Comment by Roger Tholen on June 23, 2009 at 5:00pm
If you would go to the new blog I have just put up, it may help to clarify things. I'm still having trouble navigating around this program. Like what is the A red for? the blog was named more on determinism and behaviorism. I dont know if it came out that way. Roger
Comment by Reggie on June 23, 2009 at 11:34pm
I know you can come up with all kinds of disagreements, I’ve heard them all.

All of them?
Comment by Carmela Ramos on June 24, 2009 at 10:17am
Maybe you can copy and paste it for us to see, Roger? I'm thinking big brother may have his eye on just you!! lol
Comment by Reggie on June 24, 2009 at 1:11pm
Michel - Thank you for articulating what I was thinking regarding this post.
Comment by Atheist Ninja on June 24, 2009 at 6:42pm
@ Michel:
Because we cannot predict the outcome of an event, does not mean that it isn't determined. Very low probability, equates to, doesn't happen often; not, won't happen unless the magical chance fairy allows it. Events that are tipped by humans, were tipped by humans, because humans tipped them. Why am I being so redundant? Because arguing against determinism in human actions, by saying that humans can sway determined events, is a null point. Of course humans are a variable in how events occur, but that's no argument for or against free-will, or determinism.
Comment by Atheist Ninja on June 24, 2009 at 9:50pm
I use the word 'magical' because a probabilistic outcome for any event cannot be demonstrated. The math always adds up, as long as we know all of the variables. The only reason probability ever arises is if we do not know all of the factors involved. The human brain being one such example. Then to say, "Oh, we can't tell what caused the outcome, must be chance." Might as well be saying, magic determined the outcome. I was purposely making a null point, quite clearly I thought, satirizing your null point.
Comment by Atheist Ninja on June 25, 2009 at 1:15am
Chance: the absence of any cause of events that can be predicted, understood, or controlled: often personified or treated as a positive agency.

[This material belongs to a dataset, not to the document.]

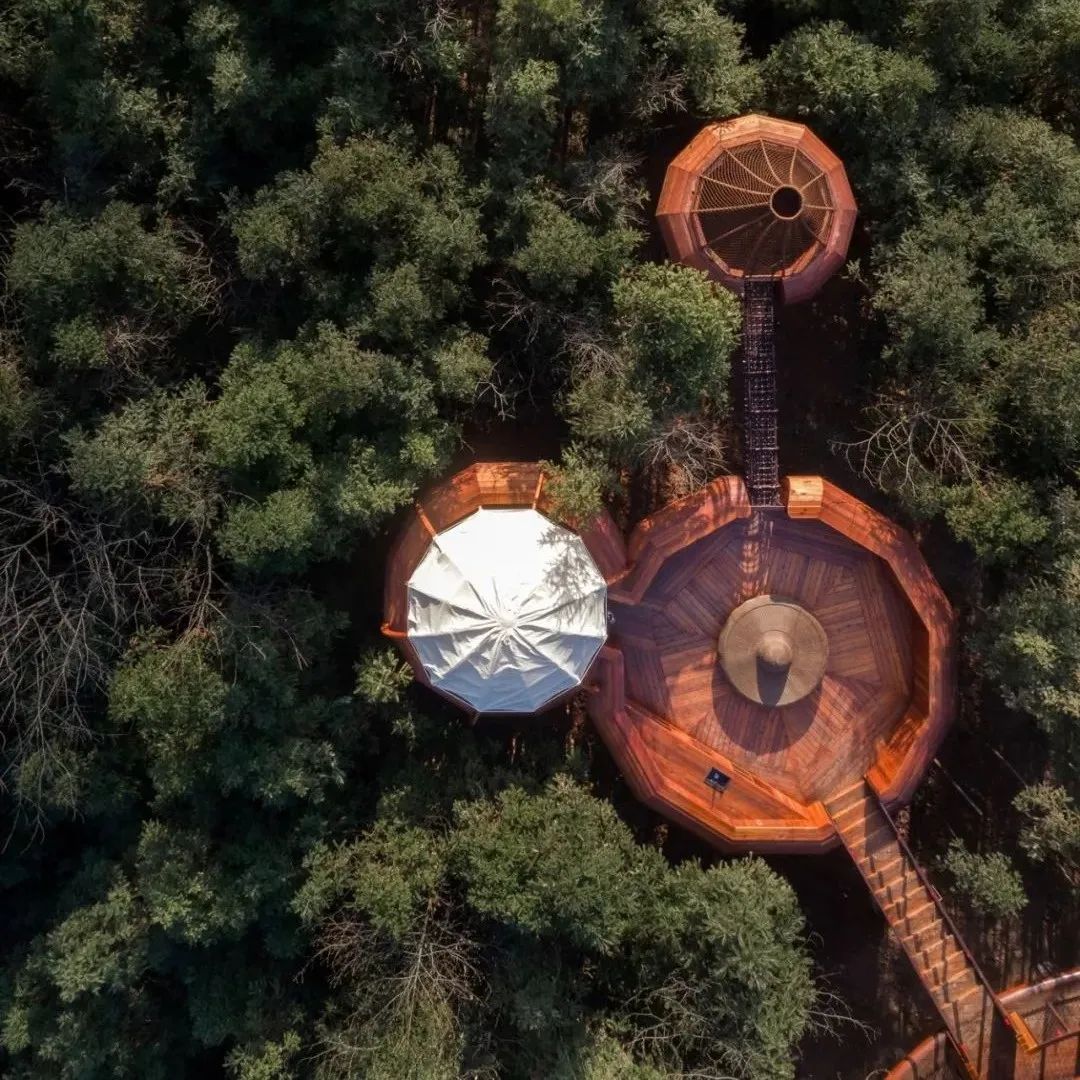 杏院–望远山居丨中国福建丨厦门泛华设计·回应建筑工作室(RESP Studio)-45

It is impractical to act as though chance does not exist, because there is so much unknown. However I'm not debating the practicality of determinism, I'm debating the plausibility of it.

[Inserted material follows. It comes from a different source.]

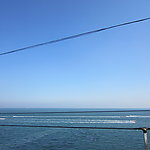 大海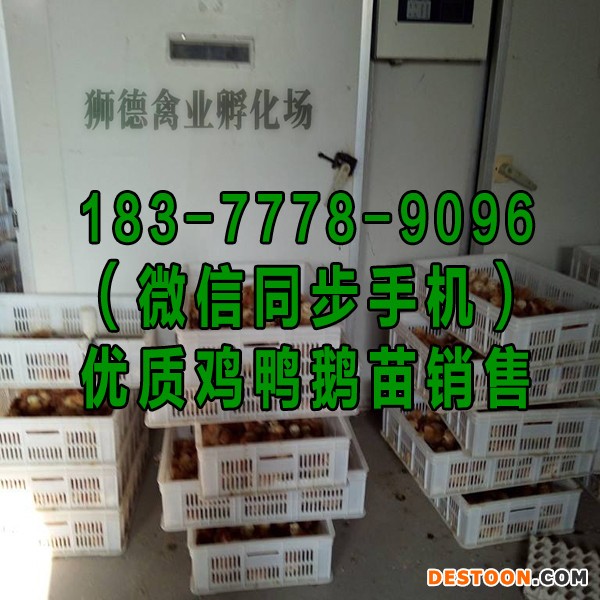 东营鹅苗孵化基地 斑嘴鸭苗 黑猪苗批发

"Everything happens by chance. From an electron's flip to a life-changing meeting on a street corner. That's how life evolved. Randomness and the law of big numbers."
That's a prime example of a bare assertion. I can just as easily say. Everything happens determinately. From an electron's flip to a life-changing meeting on a street corner. That's how life evolved. Determinism and the laws of physics.

Actually before I respond I evoke several relevant responses, then eliminate those least fitting to my agenda, thus articulating my opinion. What seems like "probabilities collapsing into a real event" is just this process of elimination I've just described. You feel like you have a choice, but what is the force that makes this "choice?" It's just random you say? Why would you choose to believe that random exists, when the world becomes seemingly less and less random with every bit of new knowledge? If you're going to use quantum mechanics as your proof of chance, let me know what you've witnessed, or what credible evidence you have against determinism.
Comment by Atheist Ninja on June 25, 2009 at 1:18am
Perhaps give some input here too.
Comment by Reggie on June 25, 2009 at 7:32am
So what would qualify as free will? Infinite possibilities with the freedom to choose them all at once? This seems like a useless conversation when it gets to this level. It seems to me that the question of free will versus determinism is flawed. Unless, you know, you could prove otherwise.